Tactical Trade: Shorting Avis at the Top
When Avis spiked in mid-February, James spotted it as a top. He used a five-minute chart with SVP (Support Vector Price) settings on tight to catch the exhaustion spike. The stock ran up vertically for four days, then showed a final gasp spike in candlestick form—a sign of retail buyer exhaustion. Then it crashed from $820 down to $620-720, free falling. He sold out-of-the-money calls against the rip, and while margin requirements were steep (half a million for ten contracts), the premium was enormous and the trade closed in days. It's a template: zoom out to daily and four-hour timeframes first to confirm the trend, then zoom into five-minute for exact entry on the reversal. The key is waiting for that one extra-GameStop-like moment rather than chasing it.

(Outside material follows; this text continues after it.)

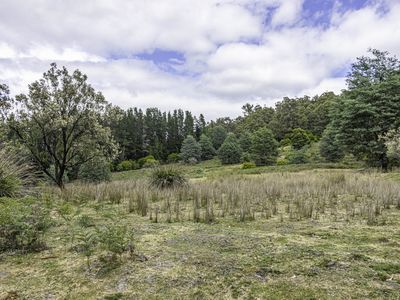 Lot 2, Fyfes Road, Mountain River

Pair Trading: MicroStrategy vs. Palantir Rotation
A Patreon member asked whether rotating out of MicroStrategy into Palantir made sense. James built a correlation chart and found they're not inversely correlated but loosely uncorrelated—good enough. He plugged both into his rotation model on the four-hour chart since January 1, 2026. Starting with 34K (100 shares of each), holding through would have lost money, but rotating between them as they deviated from their mean would have won. The model identified exact buy and sell points. MicroStrategy is a high-beta Bitcoin-levered asset that can correct violently; Palantier is deeply oversold and a good bridge trade on mean reversion. By not forcing them to be inverse, he captures alpha just from mean reversion drift. The backtested result over four months was positive despite a choppy market. He could add Tesla as a third asset for even more diversification.
Fleet Economics: Seven Teslas in Orange County, or Fewer with Edge
Tarzan Trades asked about building a Tesla fleet as a side hustle but worried about oversaturation. James concedes the risk: when normies flood in, utilization pressure and pricing compression follow. But first-movers with operational edges—parking, charging infrastructure, maintenance capability—will dominate. In Orange County (high net-worth area), he modeled $1.50 per mile and 30% utilization, requiring seven cars to clear $10K monthly net. If someone can boost utilization to 50%, five cars or fewer suffice. Each car does roughly 57,000 miles annually. The key James emphasizes: don't compete on volume. Compete on infrastructure. Location matters hugely—proximity to airports, universities, hospitals, nightlife determines demand. And sometimes holding Tesla stock outright beats buying cars; financing changes the calculus entirely. Elon promised $30K Cyberhumanoids by year-end, which could shift numbers.
Generational Wealth: Four Kids Need 740-1,650 Tesla Shares
Joe Daddy has four kids (three under ten, one on the way) and asked how the retirement bag changes. James recalibrated his retire model. A single person needs roughly a million by 2032; four kids need 1.5 to 2 million-plus to fund education and leave each with a $250K-600K nest egg. Assuming kids turn eighteen within the next decade, he indexed costs at 3.5% annually. National average is $73K per year to support four kids; Bay Area is $162K. By 2033, national goes to $93K; Bay Area to $207K. Then he did the math: how many Tesla shares (at current price of $422 with 35% CAGR assumption) to cover all costs and leave something behind? National average: 740 shares. Bay Area: 1,650 shares. If someone holds 1,650 Tesla shares in the Bay Area, they can fund all four kids through age twenty-one and still have excess. The model wasn't designed for this, but it works. He suggests splitting bags by purpose: Tesla for income, Bitcoin for legacy gifts (one per kid down the line).